I think this is multi-threading bug related to internal buffer of file object. I'll post more.
msg110655 - (view) Author: Hirokazu Yamamoto (ocean-city) * (Python committer) Date: 2010-07-18 15:16
I saw value of local variable *thread* was 5384 and internal buffer's
address was 0x102618c8 (sorry, this is another stacktrace which differs
from previous one)

thread(5384) func(file_close): enter....
thread(5384) func(close_the_file): enter....
thread(5384) func(close_the_file): file(00A1FB18) address(00B18FD0): local_close enter...
thread(5376) func(file_close): enter....
thread(5376) func(close_the_file): enter....
thread(5376) func(close_the_file): leave....
thread(5376) func(file_close): file(00A1FB18) address(00B18FD0): PyMem_Free
thread(5376) func(file_close): leave....

Thread 5384 entered close_the_file() and ran local_close() and allowed
another thread to run. Before this, fp->f_fp was set to NULL. Thread 5376
entered close_the_file() and see fp->f_fp is NULL, and returned immediately
and freed fp->f_setbuf. Interesting point is, thread 5384 was still running
close(2), so flush(2) called by this function touched this buffer and crashed.
msg110656 - (view) Author: Hirokazu Yamamoto (ocean-city) * (Python committer) Date: 2010-07-18 15:31
I created a patch to workaround this crash. But I saw another problamatic phenomenon "Error without exception set".

I confirmed PyErr_Occurred() returns TRUE when leaving file_close() on error, but I gave up.

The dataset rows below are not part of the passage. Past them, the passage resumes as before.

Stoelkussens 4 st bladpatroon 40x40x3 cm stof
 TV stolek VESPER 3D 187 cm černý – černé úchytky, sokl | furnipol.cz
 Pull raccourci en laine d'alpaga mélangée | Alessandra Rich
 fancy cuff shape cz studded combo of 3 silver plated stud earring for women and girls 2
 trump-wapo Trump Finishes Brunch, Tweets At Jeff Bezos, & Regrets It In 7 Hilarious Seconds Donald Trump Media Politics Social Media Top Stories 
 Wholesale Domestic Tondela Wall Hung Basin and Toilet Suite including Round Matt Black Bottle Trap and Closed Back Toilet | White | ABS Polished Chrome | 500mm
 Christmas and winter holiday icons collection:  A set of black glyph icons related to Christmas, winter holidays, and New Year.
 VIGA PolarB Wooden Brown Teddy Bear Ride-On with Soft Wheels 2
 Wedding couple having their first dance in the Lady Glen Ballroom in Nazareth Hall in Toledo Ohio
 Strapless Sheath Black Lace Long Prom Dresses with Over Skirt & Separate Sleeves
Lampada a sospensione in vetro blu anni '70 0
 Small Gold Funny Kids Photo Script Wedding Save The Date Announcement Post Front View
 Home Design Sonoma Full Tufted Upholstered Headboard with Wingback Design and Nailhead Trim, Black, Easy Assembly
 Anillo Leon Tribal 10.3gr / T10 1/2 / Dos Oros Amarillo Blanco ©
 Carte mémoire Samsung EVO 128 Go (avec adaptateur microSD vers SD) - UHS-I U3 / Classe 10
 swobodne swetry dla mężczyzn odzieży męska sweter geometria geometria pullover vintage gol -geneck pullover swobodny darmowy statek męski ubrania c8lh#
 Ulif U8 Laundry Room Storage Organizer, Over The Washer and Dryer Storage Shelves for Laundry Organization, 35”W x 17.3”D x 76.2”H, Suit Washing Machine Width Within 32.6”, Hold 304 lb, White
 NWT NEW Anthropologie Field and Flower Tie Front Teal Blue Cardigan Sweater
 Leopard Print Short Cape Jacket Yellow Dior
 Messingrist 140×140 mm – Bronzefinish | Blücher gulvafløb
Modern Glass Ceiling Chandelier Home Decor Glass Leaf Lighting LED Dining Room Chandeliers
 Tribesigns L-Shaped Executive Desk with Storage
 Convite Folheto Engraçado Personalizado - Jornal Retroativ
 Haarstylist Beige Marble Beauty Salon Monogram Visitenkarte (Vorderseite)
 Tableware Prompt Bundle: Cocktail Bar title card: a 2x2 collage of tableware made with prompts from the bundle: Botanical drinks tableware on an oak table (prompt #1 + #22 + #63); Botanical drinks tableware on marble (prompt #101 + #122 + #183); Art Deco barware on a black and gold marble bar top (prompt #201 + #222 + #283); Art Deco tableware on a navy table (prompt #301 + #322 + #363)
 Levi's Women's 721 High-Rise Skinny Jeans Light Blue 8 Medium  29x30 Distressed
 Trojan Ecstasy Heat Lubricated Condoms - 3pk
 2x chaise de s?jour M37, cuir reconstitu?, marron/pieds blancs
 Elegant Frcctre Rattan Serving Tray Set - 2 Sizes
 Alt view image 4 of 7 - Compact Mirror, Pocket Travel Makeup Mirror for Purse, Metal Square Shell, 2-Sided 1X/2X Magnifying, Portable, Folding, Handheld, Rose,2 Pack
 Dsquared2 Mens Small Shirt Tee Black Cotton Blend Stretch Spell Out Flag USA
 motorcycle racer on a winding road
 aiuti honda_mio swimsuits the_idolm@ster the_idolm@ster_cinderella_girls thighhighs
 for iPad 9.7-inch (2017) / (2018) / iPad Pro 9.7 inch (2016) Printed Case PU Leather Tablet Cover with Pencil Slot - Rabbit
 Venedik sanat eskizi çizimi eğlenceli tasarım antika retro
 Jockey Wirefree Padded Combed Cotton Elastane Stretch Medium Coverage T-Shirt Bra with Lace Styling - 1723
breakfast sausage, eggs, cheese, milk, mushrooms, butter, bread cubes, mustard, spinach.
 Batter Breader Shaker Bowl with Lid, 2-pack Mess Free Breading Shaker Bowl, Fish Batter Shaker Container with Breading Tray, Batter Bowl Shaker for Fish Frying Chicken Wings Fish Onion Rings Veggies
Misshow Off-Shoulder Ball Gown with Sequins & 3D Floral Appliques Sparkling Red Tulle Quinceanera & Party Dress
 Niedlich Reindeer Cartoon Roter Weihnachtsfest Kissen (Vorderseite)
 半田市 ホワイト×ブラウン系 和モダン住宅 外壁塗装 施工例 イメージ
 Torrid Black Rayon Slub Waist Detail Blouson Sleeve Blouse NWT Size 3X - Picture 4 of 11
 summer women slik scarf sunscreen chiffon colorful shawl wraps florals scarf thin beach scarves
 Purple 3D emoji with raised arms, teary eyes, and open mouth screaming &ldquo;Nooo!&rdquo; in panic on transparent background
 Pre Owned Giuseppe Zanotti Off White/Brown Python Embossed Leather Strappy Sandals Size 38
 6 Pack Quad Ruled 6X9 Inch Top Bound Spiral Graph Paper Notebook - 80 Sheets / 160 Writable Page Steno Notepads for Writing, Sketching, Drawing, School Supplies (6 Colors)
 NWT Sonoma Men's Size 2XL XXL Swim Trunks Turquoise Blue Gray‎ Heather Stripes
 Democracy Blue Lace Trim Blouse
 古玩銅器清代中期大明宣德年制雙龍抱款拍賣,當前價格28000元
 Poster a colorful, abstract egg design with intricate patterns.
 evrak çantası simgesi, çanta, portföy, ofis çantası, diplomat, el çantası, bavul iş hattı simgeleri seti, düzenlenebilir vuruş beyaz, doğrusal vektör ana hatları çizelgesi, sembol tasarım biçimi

test_close_open_print_buffered (__main__.FileThreadingTests) ... close failed in
 file object destructor:
IOError: [Errno 0] Error
Exception in thread Thread-1:
Traceback (most recent call last):
  File "e:\python-dev\release26-maint\lib\threading.py", line 532, in __bootstra
p_inner
    self.run()
  File "e:\python-dev\release26-maint\lib\threading.py", line 484, in run
    self.__target(*self.__args, **self.__kwargs)
  File "test_custom.py", line 94, in worker
    f()
  File "test_custom.py", line 88, in <lambda>
    lambda: self._close_and_reopen_file(),
  File "test_custom.py", line 54, in _close_and_reopen_file
    self._close_file()
  File "test_custom.py", line 49, in _close_file
    self.f.close()
SystemError: error return without exception set

Qclose failed in file object destructor:

IOError: [Errno 0] Error
Exception in thread Thread-4:
Traceback (most recent call last):
  File "e:\python-dev\release26-maint\lib\threading.py", line 532, in __bootstra
p_inner
    self.run()
  File "e:\python-dev\release26-maint\lib\threading.py", line 484, in run
    self.__target(*self.__args, **self.__kwargs)
  File "test_custom.py", line 94, in worker
    f()
  File "test_custom.py", line 88, in <lambda>
    lambda: self._close_and_reopen_file(),
  File "test_custom.py", line 54, in _close_and_reopen_file
    self._close_file()
  File "test_custom.py", line 49, in _close_file
    self.f.close()
SystemError: error return without exception set

4271 88.3166 ok

----------------------------------------------------------------------
Ran 1 test in 6.579s

OK
msg110659 - (view) Author: Antoine Pitrou (pitrou) * (Python committer) Date: 2010-07-18 15:45
The proposed resolution is wrong. As the comment says, there is a specific reason why f->fp is NULLed at this point.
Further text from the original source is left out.